Retype, word for word, only the lines from the one containing "未来猜想轮系战车不止f系德国轮式战车线路大猜想" through the last line of the listing below. Pictures do not belong in the result.

─── Collected material ───

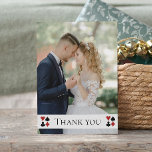 Carte Postale Elégant Las Vegas Mariage Merci photo<br><div class="desc">Merci à vos invités de partager votre jour de mariage en leur envoyant ces fabuleuses cartes de remerciement de poker noir,  blanc et rouge.</div>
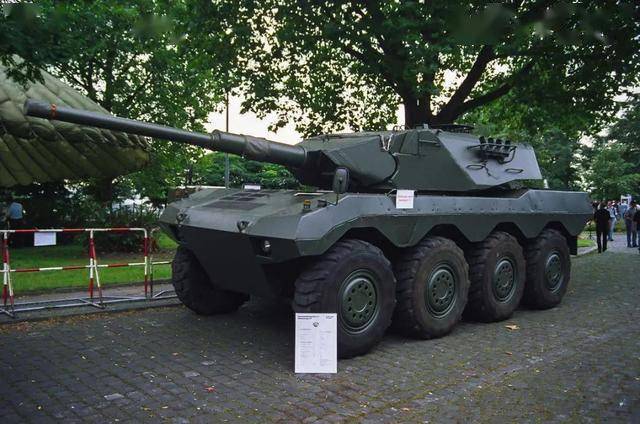 未来猜想轮系战车不止f系德国轮式战车线路大猜想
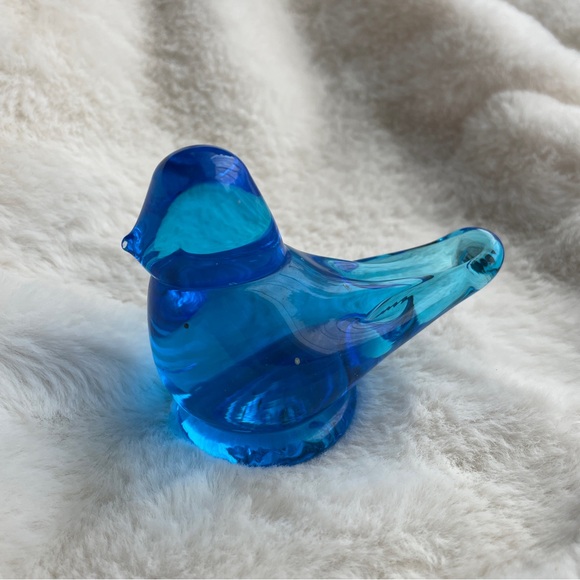 Small Blue Glass Bird Figurine - Picture 2 of 9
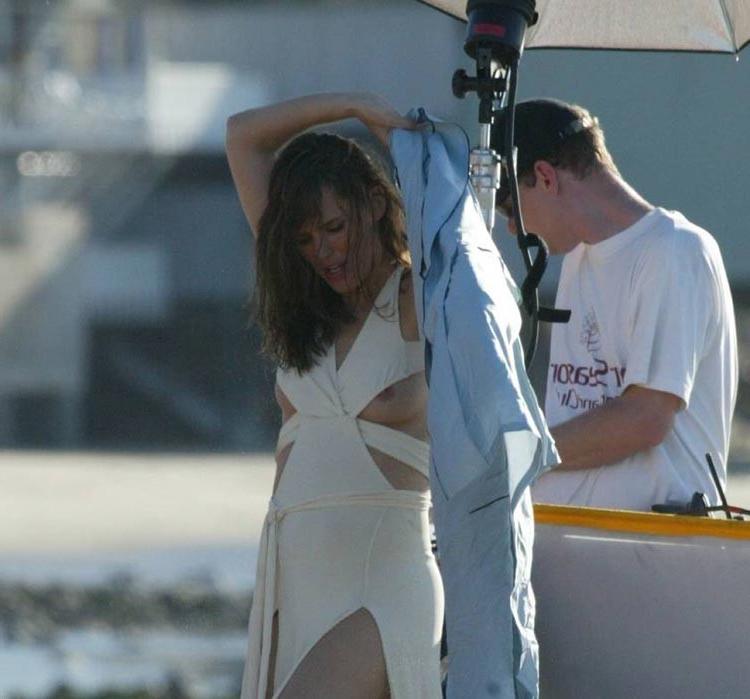 15P Jennifer Garner nipple slip and perfect cleavage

───

◆ Task solution:
 未来猜想轮系战车不止f系德国轮式战车线路大猜想
 Small Blue Glass Bird Figurine - Picture 2 of 9
 15P Jennifer Garner nipple slip and perfect cleavage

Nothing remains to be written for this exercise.